— WHAT IS REQUIRED —
All lines from the one containing "Personalized Christmas New" through the final line of the listing below are to be retyped exactly; nothing else goes in the result.
•••
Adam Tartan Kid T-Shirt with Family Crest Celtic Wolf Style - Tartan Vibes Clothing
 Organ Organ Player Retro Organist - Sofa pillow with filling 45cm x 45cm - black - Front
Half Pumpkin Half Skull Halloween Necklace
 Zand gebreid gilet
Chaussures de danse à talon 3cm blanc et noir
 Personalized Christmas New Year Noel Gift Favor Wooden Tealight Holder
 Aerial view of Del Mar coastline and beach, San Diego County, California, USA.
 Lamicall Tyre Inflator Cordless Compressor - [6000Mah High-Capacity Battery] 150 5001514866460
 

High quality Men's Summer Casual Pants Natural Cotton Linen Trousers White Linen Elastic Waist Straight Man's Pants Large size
•••
— RESULT OF THIS TASK —
 Personalized Christmas New Year Noel Gift Favor Wooden Tealight Holder
 Aerial view of Del Mar coastline and beach, San Diego County, California, USA.
 Lamicall Tyre Inflator Cordless Compressor - [6000Mah High-Capacity Battery] 150 5001514866460
 

High quality Men's Summer Casual Pants Natural Cotton Linen Trousers White Linen Elastic Waist Straight Man's Pants Large size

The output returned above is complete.